Subprime foreclosures to spike
Many vulnerable Americans will lose their homes during the next few years.
NEW YORK (CNNMoney.com) -- The number of homeowners with subprime mortgages who will lose their homes to foreclosure will jump over the next few years, according to a recent study.
A release from the Center for Responsible Lending (CRL), a nonprofit, nonpartisan research and policy organization advocating for homeownership and family wealth, revealed three key findings:
Delinquencies are much more common for subprime loans. The recipients, of course, are less credit worthy to begin with. And lenders charge these borrowers at higher rates, which increases the likelihood that they'll have trouble making payments.
Another factor, the Center for Responsible Lending argues, is that lenders often load up subprime loans with high-risk provisions, setting up borrowers to fail.
Some of these include: adjustable interest rates, balloon payments, prepayment penalties, and limited documentation requirements.
The dominant type of subprime loan today is an adjustable-rate mortgage called a "2/28." It features rate adjustments every six months after a two year fixed-rate period. The initial rate is often a steeply discounted or "teaser" rate; when the loan resets the rate may be much higher. The payment shock leads some to characterize these loans as "exploding ARMs."

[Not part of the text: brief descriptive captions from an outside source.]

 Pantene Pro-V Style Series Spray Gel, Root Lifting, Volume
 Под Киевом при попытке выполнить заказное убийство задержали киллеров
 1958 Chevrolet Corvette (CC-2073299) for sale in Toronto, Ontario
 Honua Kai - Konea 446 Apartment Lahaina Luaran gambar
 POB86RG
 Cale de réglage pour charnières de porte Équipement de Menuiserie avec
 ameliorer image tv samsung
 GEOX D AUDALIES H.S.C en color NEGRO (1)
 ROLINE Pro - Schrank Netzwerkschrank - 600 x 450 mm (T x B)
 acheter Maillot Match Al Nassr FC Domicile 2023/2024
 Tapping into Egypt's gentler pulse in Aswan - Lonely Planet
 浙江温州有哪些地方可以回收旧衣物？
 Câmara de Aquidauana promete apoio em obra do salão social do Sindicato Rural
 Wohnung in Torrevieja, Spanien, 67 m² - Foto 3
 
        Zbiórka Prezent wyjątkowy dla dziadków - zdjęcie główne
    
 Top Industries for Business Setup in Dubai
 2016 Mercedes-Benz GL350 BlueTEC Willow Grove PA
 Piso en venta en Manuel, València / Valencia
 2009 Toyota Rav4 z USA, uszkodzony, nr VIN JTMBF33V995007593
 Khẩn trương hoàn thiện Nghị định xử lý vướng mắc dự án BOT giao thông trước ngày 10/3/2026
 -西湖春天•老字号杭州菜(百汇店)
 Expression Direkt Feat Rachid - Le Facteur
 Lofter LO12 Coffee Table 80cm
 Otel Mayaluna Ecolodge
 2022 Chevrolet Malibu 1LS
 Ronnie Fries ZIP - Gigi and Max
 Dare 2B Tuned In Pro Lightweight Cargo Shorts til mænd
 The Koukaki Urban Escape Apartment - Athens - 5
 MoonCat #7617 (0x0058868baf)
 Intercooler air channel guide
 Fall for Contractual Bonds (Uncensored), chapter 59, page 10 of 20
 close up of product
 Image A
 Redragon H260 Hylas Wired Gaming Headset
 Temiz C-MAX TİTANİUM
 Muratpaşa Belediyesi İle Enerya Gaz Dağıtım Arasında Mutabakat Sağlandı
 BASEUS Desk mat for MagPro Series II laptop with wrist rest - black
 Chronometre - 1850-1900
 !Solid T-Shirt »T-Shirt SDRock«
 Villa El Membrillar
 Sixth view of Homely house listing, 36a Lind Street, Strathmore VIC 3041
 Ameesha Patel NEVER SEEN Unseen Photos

And many lenders and mortgage brokers are guilty of very loose underwriting procedures, the Center for Responsible Lending says. They extend loans to borrowers who can't afford them. The lenders insulate themselves from the consequences of this bad underwriting by packaging these deals and selling them to other investors.
Ellen Schloemer, research director for the Center for Responsible Lending, says, "People who make the loans don't hold the loans long term. That makes them less interested in the outcome."
Schloemer also says that everyone in the industry makes more money by getting buyers into more expensive housing; putting many borrowers on the thin edge of affordability. If an emergency arises - a leaky roof, a health crisis or a job loss - there's no money left to ride it out.
"Many borrowers are very leveraged financially," says Schloemer, "and get pushed over the edge."
Old story, new chapter
The report pointed out that the conditions leading to high subprime foreclosure rates are nothing new. What has changed is the housing market. Steady home price increases enabled many subprime borrowers to build up equity. Struggling owners could tap that equity to tide them over. Or they could sell the house at a profit. They wouldn't suffer the total loss that foreclosure entails.
With sluggish or falling markets, home equity vanishes and that escape hatch closes.
As housing markets slowed this year, delinquency rates have crept upward. According to Doug Duncan, chief economist of the Mortgage Bankers Association (MBA), these delinquencies have hit the subprime market particularly hard.
The foreclosure inventory rate for prime loans inched up by 0.03 percentage points, from 0.41 percent to 0.44 percent. The subprime foreclosure inventory rate, however, jumped 0.30 percentage points, from 3.56 percent to 3.86 percent.
Still, as Duncan popints out, delinquency and foreclosure rates have been quite low the last two years. For those facing possible foreclosure, that may be small consolation, but even those in deep trouble can take steps to ease the pain.
What to do
Too often, those facing foreclosure do nothing. That just aggravates the problem. Instead:
Act now The threat of foreclosure does not go away if you ignore it; it just gets worse. "The earlier you act, the better," says Ken Wade, CEO of NeighborWorks America, a community development organization. "When you fall too far behind, it makes it very difficult to salvage the situation."
Get independent counseling Many agencies offer free advice to homeowners who need it. The Department of Housing and Urban Development (HUD) has a list of certified counselors on its Web site and NeighborWorks has a toll free number (1-888-995-HOPE) that refers people to counselors in their area.
An advisor can examine a homeowner's income and expenses for ways to work out a viable budget and possibly keep the house.
Talk to your lender The image of lenders as rapacious villains rubbing their hands together at the prospect of seizing family farms and tossing elderly widows out in the cold is out of date.
"Lenders found out years ago that foreclosing is not profitable for them," says Wade. "It's better for them if things can be worked out."
That could mean suspending payments for a period or reworking the length of the loan. Lenders have two departments that handle delinquencies - the collection and the mitigation departments.
Collection has one goal; get payments, but mitigation's main role is to assess and work out the situation, if possible. When you call for help, ask for the mitigation department.
Talk to a lawyer Says real estate attorney Neil Garfinkel of AGMB Law in New York, "I would counsel the party not to sign anything or agree to anything without discussing it a professional."
But the emotional aspect of financial facing foreclosure can cause some borrowers to act against their own best interests, according to Wade.
"People are embarrassed, ashamed when they can't pay their bills and many feel that there's nothing lenders can do," he says.
The key for borrowers is to be proactive; pursue the best result they can achieve and that means understanding all the options. Many don't.
"Between 40 percent and 50 percent of the people actually foreclosed on have had no contact with either their lender or a counseling agency," says Wade.
Some may have been able to salvage the situation had they acted when they first got into trouble.